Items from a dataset

[Start of section]

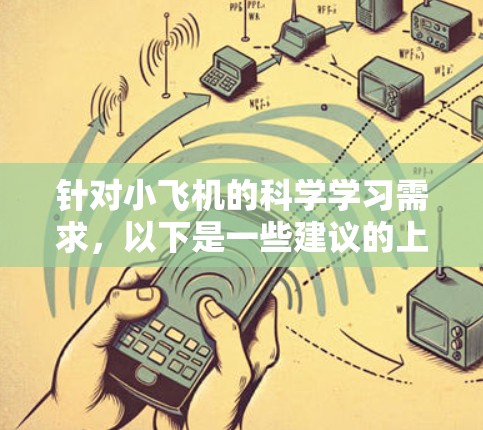 针对小飞机的科学学习需求，以下是一些建议的上网软件推荐，涵盖了不同的知识层次和兴趣点，供其选择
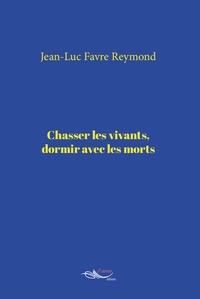 Jean-Luc Favre Reymond - Chasser les vivants, dormir avec les morts.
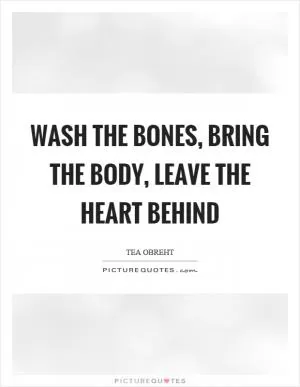 Wash the bones, bring the body, leave the heart behind Picture Quote #1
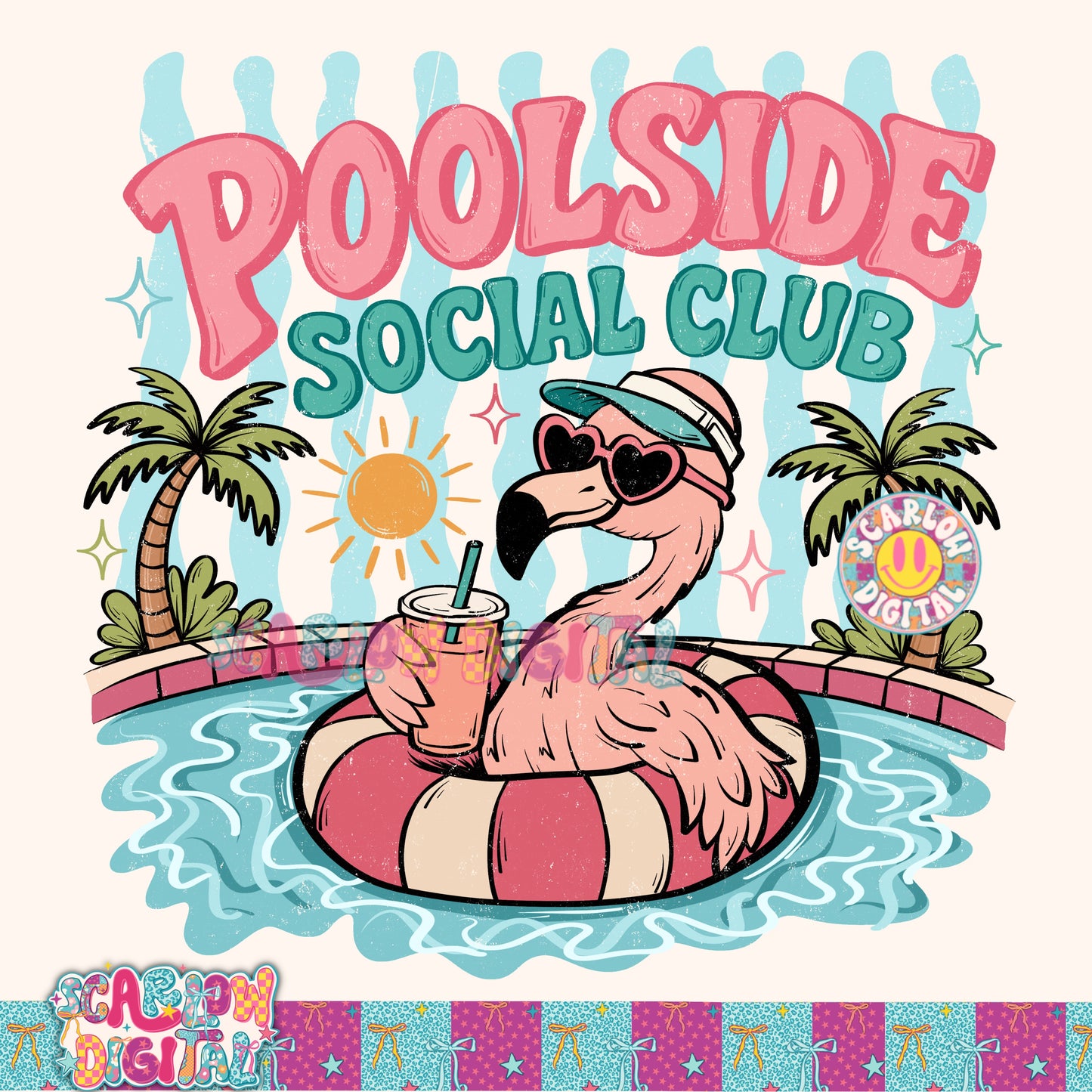 Poolside Social Club PNG Digital Design (Includes both WITH stripes and WITHOUT stripes)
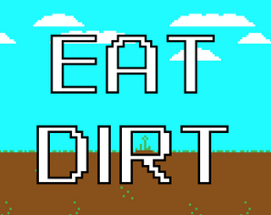 EAT DIRT Image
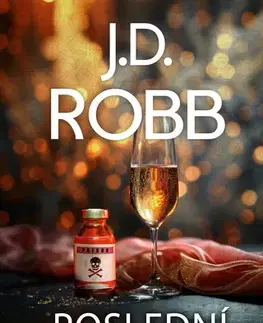 Detektívky, trilery, horory Poslední přípitek - J. D. Robb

[End of section]

→ **The problem**
Because the pictures are not wanted, retype every record exactly without them.

→ **Reply to the task**
 针对小飞机的科学学习需求，以下是一些建议的上网软件推荐，涵盖了不同的知识层次和兴趣点，供其选择
 Jean-Luc Favre Reymond - Chasser les vivants, dormir avec les morts.
 Wash the bones, bring the body, leave the heart behind Picture Quote #1
 Poolside Social Club PNG Digital Design (Includes both WITH stripes and WITHOUT stripes)
 EAT DIRT Image
 Detektívky, trilery, horory Poslední přípitek - J. D. Robb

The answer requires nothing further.